Suppose you have a standard linear regression model

$$y_i = \beta_0 + x_i\beta_1 + \epsilon_i$$

With an estimator $\hat{\beta}_1$ of $\beta_1$(which I believe is OLS)

$$\hat{\beta}_{1} = \frac{\sum_{i=1}^nx_iy_i}{\sum_{i=1}^nx_i^2}$$

How to show $\hat{\beta}_1$ is unbiased, I assumed by $E[\hat{\beta}_1] = \beta_1$.

My try:

First rewrite $\hat{\beta}_1$:

$\hat{\beta}_1 = \frac{\sum x_iy_i}{\sum x_i^2} = \frac{\sum x_i(\beta_0+x_i\beta_1+\epsilon_i)}{\sum x_i^2} = \frac{\beta_0\sum x_i + \beta_1\sum x_i^2 + \sum x_i \epsilon_i}{\sum x_i^2} = \beta_1 + \frac{\beta_0\sum x_i + \sum x_i \epsilon_i}{\sum x_i^2}$

But now I do not know how to continue, when taking the expectation of the latter we ofcourse get; $\beta_1 + something$. But since this is OLS (hence unbiased, I believe not sure) the $something$ should be equal to $0$. But how is this possible?

Answer 1

The OLS estimate of $\beta_1$ is $\frac{\sum_{i=1}^n(x_i-\overline{x})(y_i-\overline{y})}{\sum_{i=1}^n(x_i-\overline{x})^2}$ which is unbiased as proved here.

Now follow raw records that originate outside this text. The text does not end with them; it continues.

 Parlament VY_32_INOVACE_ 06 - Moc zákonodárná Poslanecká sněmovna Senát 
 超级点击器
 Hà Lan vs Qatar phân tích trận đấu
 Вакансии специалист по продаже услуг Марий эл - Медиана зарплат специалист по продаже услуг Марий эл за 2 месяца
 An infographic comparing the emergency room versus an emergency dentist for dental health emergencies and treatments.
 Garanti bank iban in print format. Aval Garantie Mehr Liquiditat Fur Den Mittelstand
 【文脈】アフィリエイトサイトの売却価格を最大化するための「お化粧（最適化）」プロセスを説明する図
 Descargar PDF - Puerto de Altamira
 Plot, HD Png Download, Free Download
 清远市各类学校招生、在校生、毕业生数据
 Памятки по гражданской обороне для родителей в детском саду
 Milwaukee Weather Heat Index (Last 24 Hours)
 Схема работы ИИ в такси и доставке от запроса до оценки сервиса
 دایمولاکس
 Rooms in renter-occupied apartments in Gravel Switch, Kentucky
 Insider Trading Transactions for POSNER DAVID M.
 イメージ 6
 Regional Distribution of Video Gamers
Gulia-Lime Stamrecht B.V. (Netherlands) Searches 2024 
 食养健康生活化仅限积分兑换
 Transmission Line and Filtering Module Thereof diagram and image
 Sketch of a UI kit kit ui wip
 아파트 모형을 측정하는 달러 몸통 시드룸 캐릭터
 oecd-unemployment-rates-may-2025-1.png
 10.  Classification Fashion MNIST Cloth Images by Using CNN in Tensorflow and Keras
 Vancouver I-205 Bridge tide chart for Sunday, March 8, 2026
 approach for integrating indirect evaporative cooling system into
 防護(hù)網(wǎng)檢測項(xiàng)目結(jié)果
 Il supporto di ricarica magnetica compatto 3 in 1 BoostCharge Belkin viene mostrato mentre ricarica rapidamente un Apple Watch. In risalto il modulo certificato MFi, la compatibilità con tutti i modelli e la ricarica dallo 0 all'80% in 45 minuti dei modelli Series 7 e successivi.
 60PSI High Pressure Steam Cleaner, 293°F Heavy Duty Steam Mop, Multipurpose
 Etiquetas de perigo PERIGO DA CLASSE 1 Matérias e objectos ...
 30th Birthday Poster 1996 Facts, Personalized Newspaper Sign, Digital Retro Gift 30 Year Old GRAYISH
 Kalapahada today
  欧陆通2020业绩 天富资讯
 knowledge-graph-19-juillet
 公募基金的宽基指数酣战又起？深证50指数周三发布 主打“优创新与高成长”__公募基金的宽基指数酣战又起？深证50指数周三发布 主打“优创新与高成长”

• When $\overline{x},\overline{y}=0$, your $\hat{\beta_1}$ is equal to this OLS estimate and hence, unbiased.
• Otherwise,$\frac{\sum_{i=1}^n(x_i-\overline{x})(y_i-\overline{y})}{\sum_{i=1}^n(x_i-\overline{x})^2}\ne\frac{\sum_{i=1}^nx_iy_i}{\sum_{i=1}^nx_i^2}\left(=\hat{\beta_1}\right)$ because of the non variable terms in the relation (as you showed).

The conclusion being: your calculation is correct and $\hat{\beta_1}$ is an unbiased estimate only if it is equal to the OLS estimte, which happens only in case of zero intercept (read the image included in the question).